═════ DATA LISTING
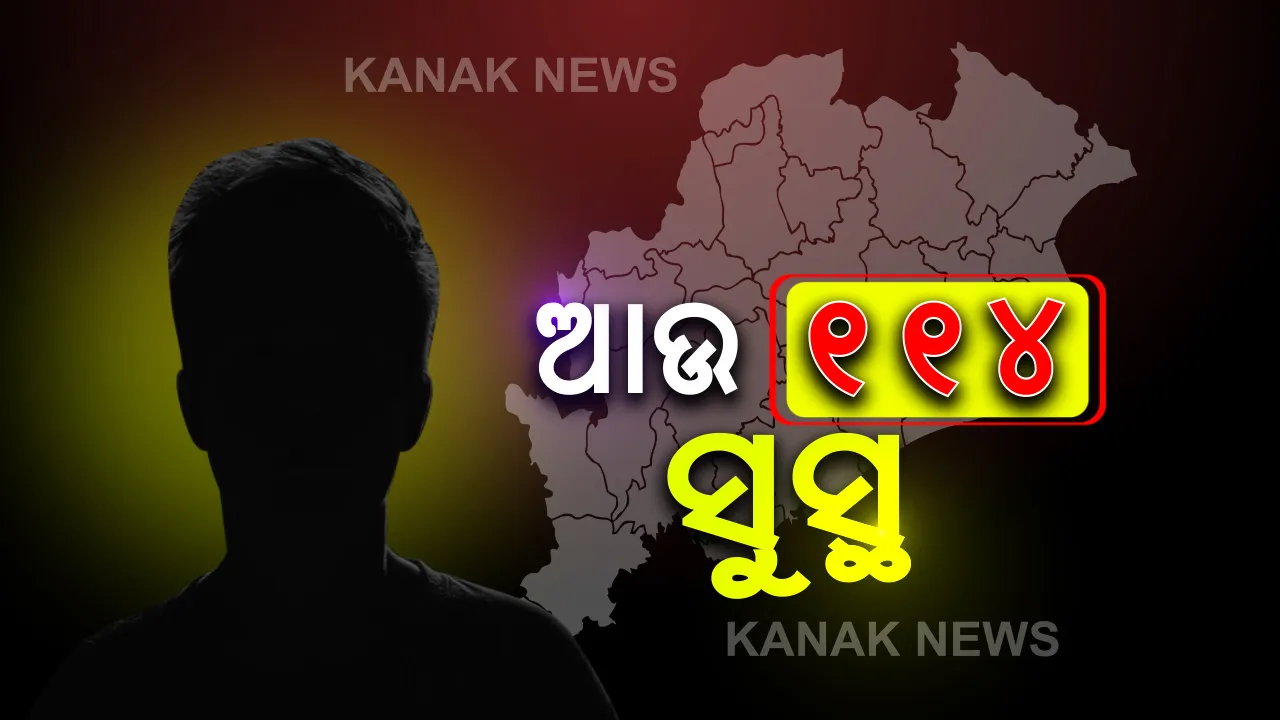  ଓଡିଶା ପାଇଁ ଖୁସି ଖବର । ରାଜ୍ୟରେ ସୁସ୍ଥ ହେଲେ ଆଉ ୧୧୪ କରୋନା ଆକ୍ରାନ୍ତ । ସୁନ୍ଦରଗଡରୁ ସର୍ବାଧିକ ୩୦ ସୁସ୍ଥ । ୨୭୦୮ରେ ପହଞ୍ଚିଲା ମୋଟ ସୁସ୍ଥଙ୍କ ସଂଖ୍ୟା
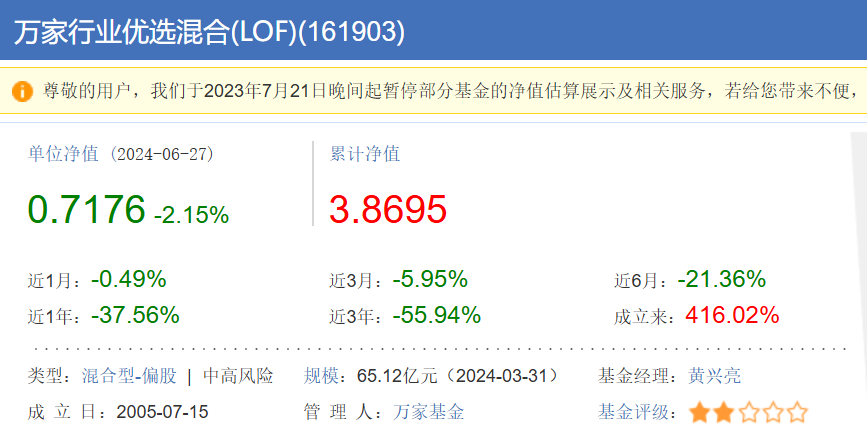 两年巨亏100亿,万家基金“赌性”十足
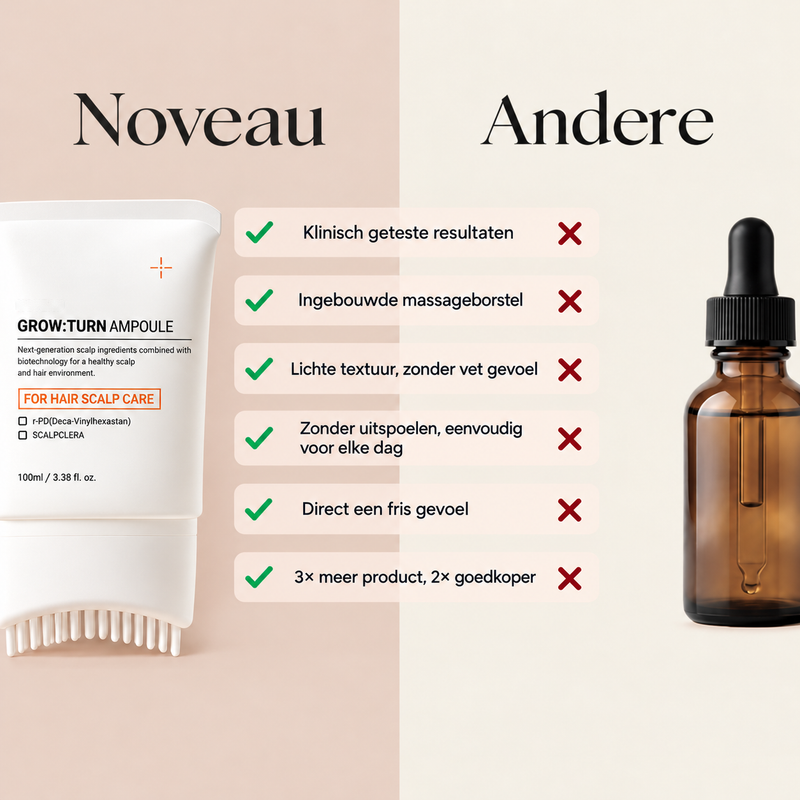 Noveau™ Voller Haar Serum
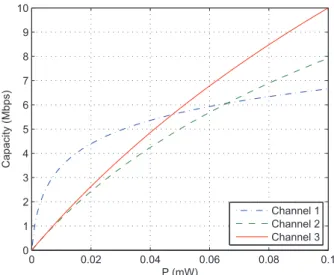 Fig. 3. Average capacity versus average power limit for the optimal channel switching and the optimal single channel  ap-proaches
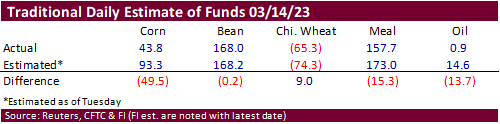 FI Ag Commitment of Traders as of March 14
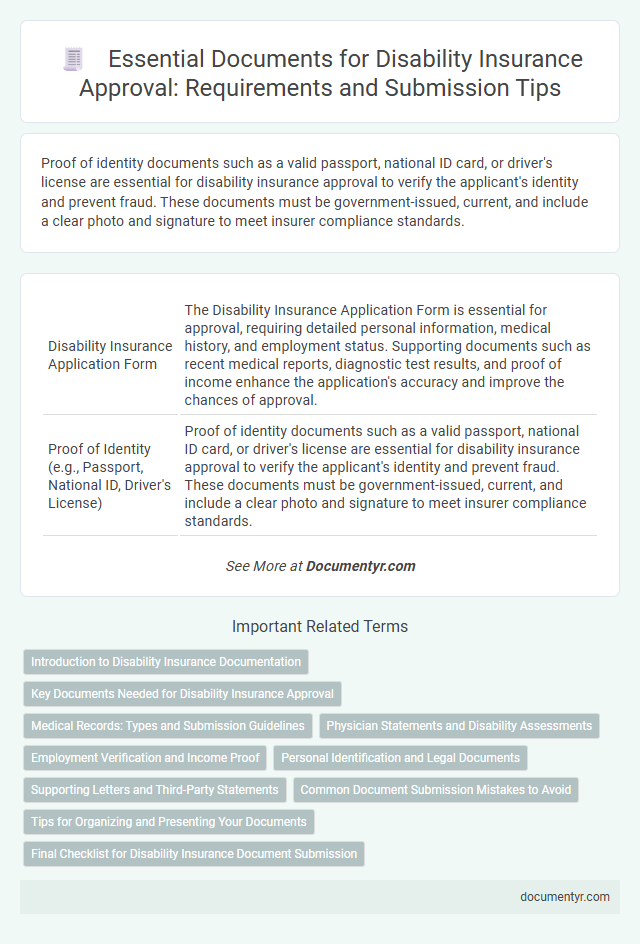Essential Documents for Disability Insurance Approval: Requirements and Submission Tips
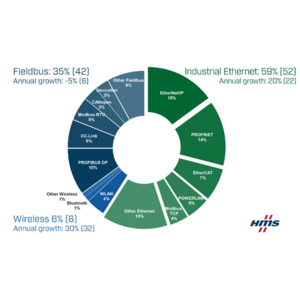 HMS Networks présente son analyse annuelle du marché des réseaux industriels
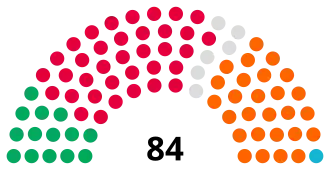 Sheffield City Council composition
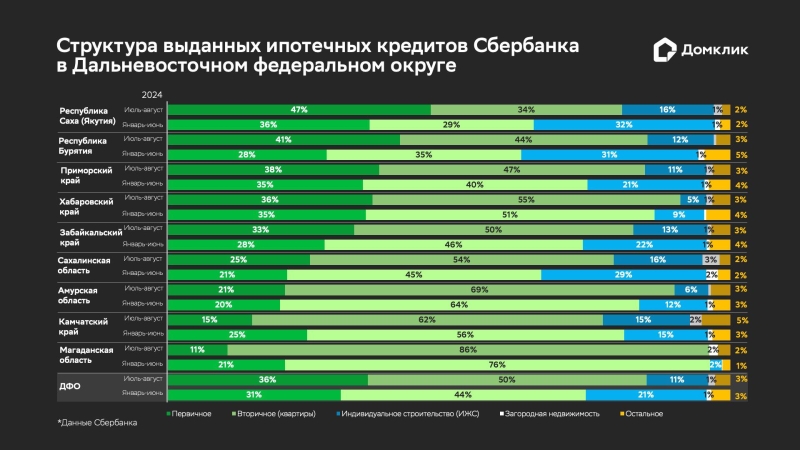 «Домклик» оценил изменение ипотечного спроса в регионах Дальнего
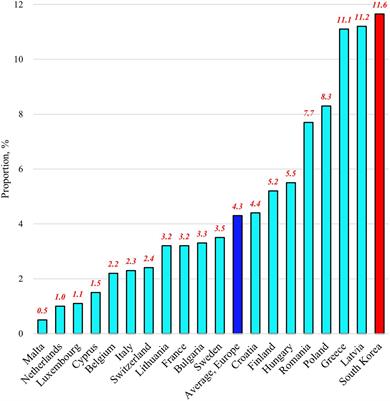 Deconstructing subjective unmet healthcare needs: a South Korean case study with policy implications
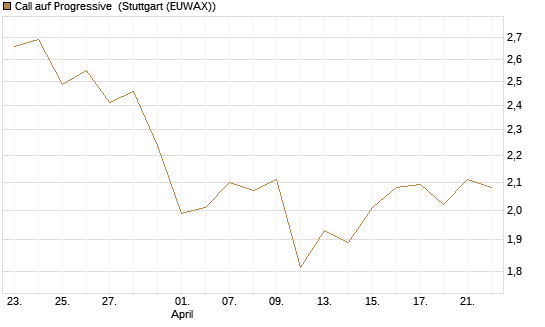 Call auf Progressive [Morgan Stanley & Co. Int. plc] Chart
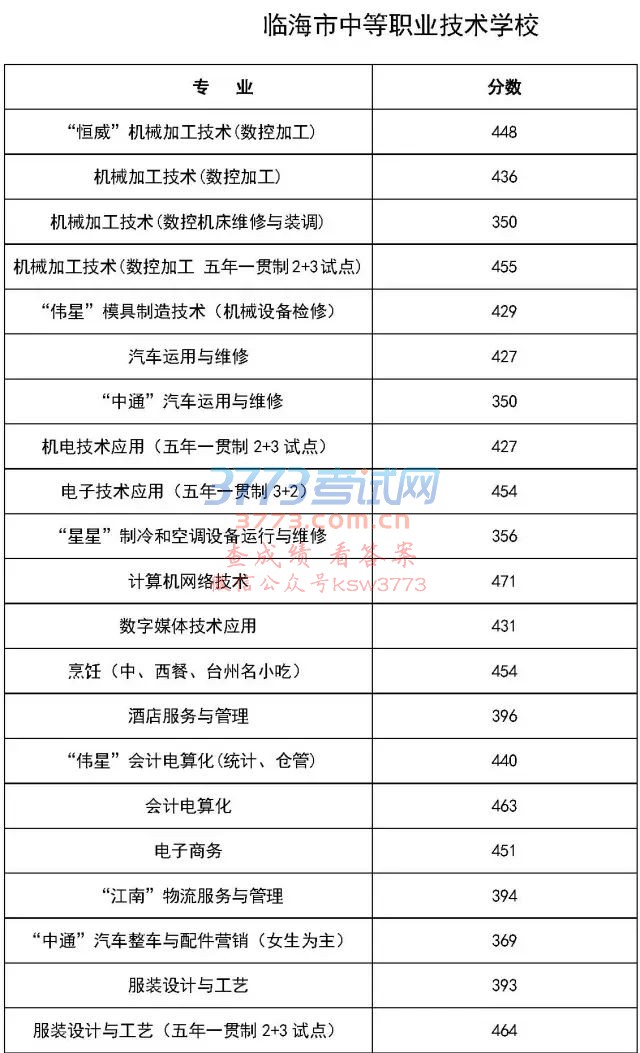 2017겿ְ¼ȡ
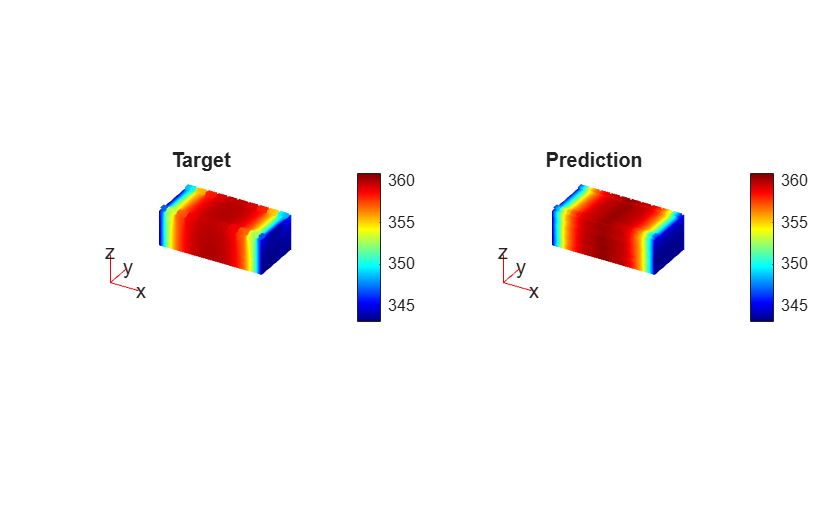 Figure contains 2 axes objects. Hidden axes object 1 with title Target contains 5 objects of type patch, quiver, text. Hidden axes object 2 with title Prediction contains 5 objects of type patch, quiver, text.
══════════
#### TASK TO CARRY OUT
Exactly the lines from the top of the entries through the line with "Essential Documents for", inclusive, must be given again, with every picture omitted.

#### RESULT FOR THIS EXERCISE
  ଓଡିଶା ପାଇଁ ଖୁସି ଖବର । ରାଜ୍ୟରେ ସୁସ୍ଥ ହେଲେ ଆଉ ୧୧୪ କରୋନା ଆକ୍ରାନ୍ତ । ସୁନ୍ଦରଗଡରୁ ସର୍ବାଧିକ ୩୦ ସୁସ୍ଥ । ୨୭୦୮ରେ ପହଞ୍ଚିଲା ମୋଟ ସୁସ୍ଥଙ୍କ ସଂଖ୍ୟା
 两年巨亏100亿,万家基金“赌性”十足
 Noveau™ Voller Haar Serum
 Fig. 3. Average capacity versus average power limit for the optimal channel switching and the optimal single channel  ap-proaches
 FI Ag Commitment of Traders as of March 14
Essential Documents for Disability Insurance Approval: Requirements and Submission Tips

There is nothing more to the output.